--- Extracted data Enclosed Below ---

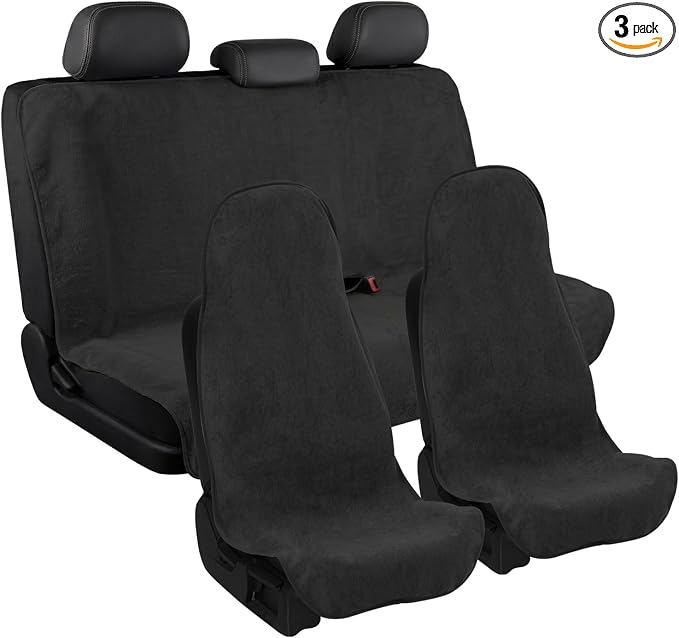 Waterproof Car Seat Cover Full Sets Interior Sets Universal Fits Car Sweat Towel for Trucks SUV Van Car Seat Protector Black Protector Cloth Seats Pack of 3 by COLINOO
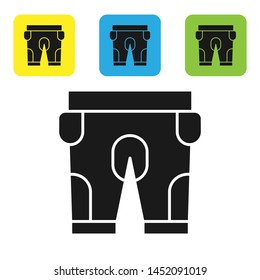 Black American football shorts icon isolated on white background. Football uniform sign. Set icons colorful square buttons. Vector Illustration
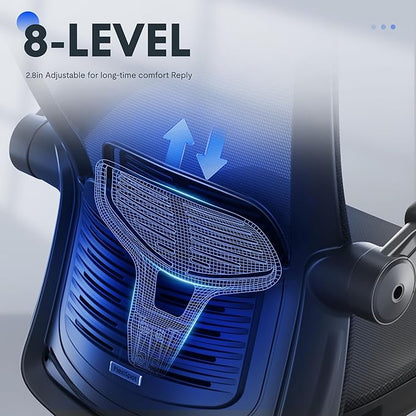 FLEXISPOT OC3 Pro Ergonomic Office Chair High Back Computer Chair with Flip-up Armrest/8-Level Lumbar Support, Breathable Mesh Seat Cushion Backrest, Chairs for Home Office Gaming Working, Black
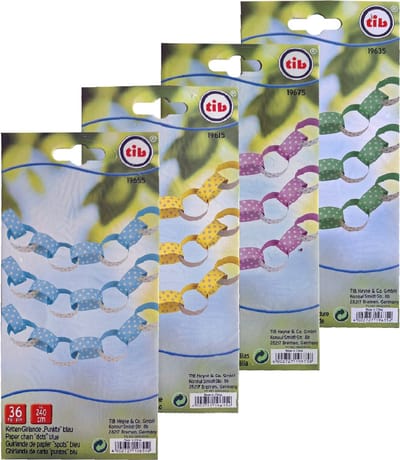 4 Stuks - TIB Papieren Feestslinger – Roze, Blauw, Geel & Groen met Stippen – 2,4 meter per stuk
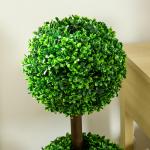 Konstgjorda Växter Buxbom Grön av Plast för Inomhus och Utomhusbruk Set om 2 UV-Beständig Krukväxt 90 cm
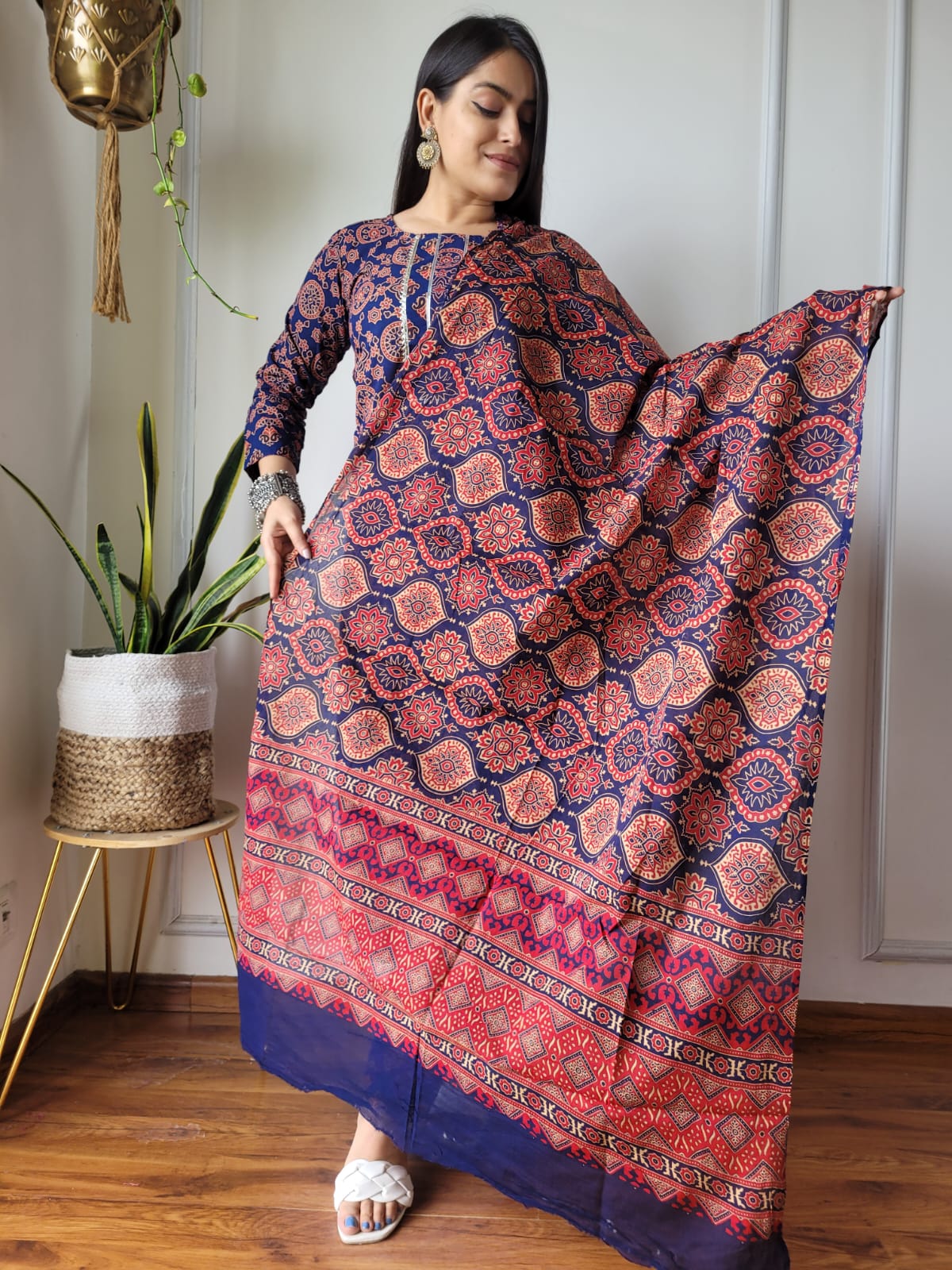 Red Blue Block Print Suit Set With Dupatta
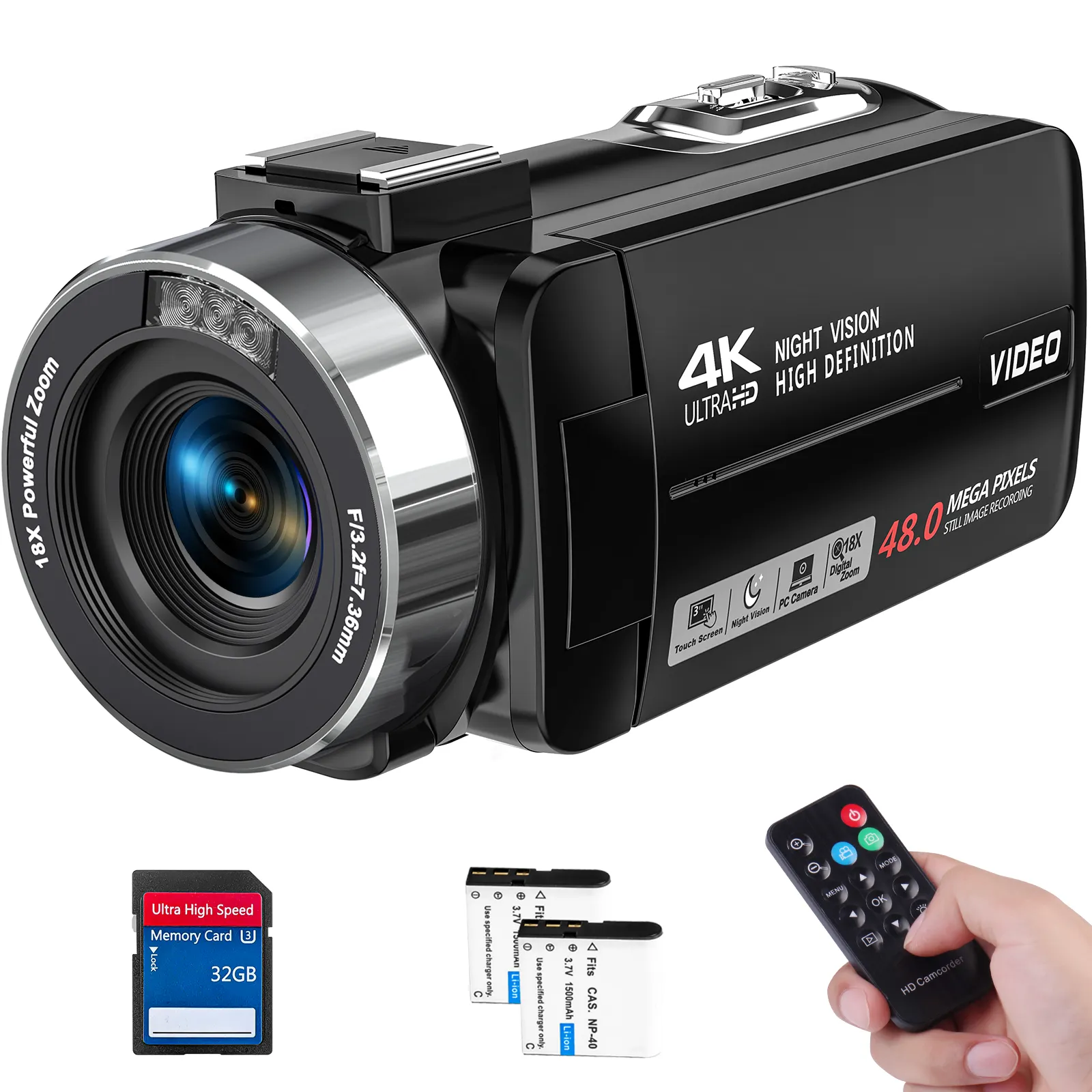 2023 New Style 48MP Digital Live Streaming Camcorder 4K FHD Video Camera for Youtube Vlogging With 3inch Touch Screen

--- End of Enclosed Extracted data ---

*Exercise*:
Give the entries above again exactly, minus their pictures.

*Solution to the exercise*:
 Waterproof Car Seat Cover Full Sets Interior Sets Universal Fits Car Sweat Towel for Trucks SUV Van Car Seat Protector Black Protector Cloth Seats Pack of 3 by COLINOO
 Black American football shorts icon isolated on white background. Football uniform sign. Set icons colorful square buttons. Vector Illustration
 FLEXISPOT OC3 Pro Ergonomic Office Chair High Back Computer Chair with Flip-up Armrest/8-Level Lumbar Support, Breathable Mesh Seat Cushion Backrest, Chairs for Home Office Gaming Working, Black
 4 Stuks - TIB Papieren Feestslinger – Roze, Blauw, Geel & Groen met Stippen – 2,4 meter per stuk
 Konstgjorda Växter Buxbom Grön av Plast för Inomhus och Utomhusbruk Set om 2 UV-Beständig Krukväxt 90 cm
 Red Blue Block Print Suit Set With Dupatta
 2023 New Style 48MP Digital Live Streaming Camcorder 4K FHD Video Camera for Youtube Vlogging With 3inch Touch Screen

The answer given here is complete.